## Supplied material
-------

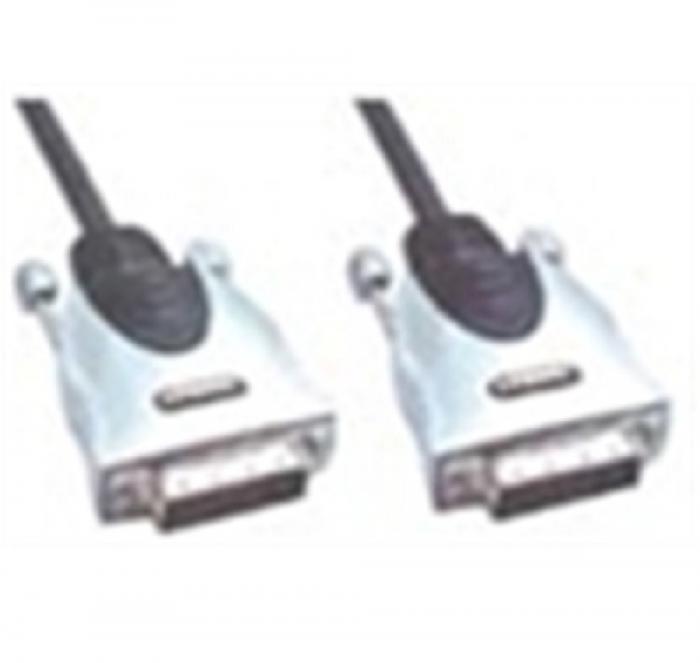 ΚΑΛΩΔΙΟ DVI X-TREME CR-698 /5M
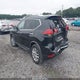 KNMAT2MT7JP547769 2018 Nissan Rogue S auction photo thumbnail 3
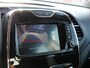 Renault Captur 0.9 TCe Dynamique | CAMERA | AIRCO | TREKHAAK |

-------

Please restate the whole listing exactly, without any of its pictures.

 ΚΑΛΩΔΙΟ DVI X-TREME CR-698 /5M
 KNMAT2MT7JP547769 2018 Nissan Rogue S auction photo thumbnail 3
 Renault Captur 0.9 TCe Dynamique | CAMERA | AIRCO | TREKHAAK |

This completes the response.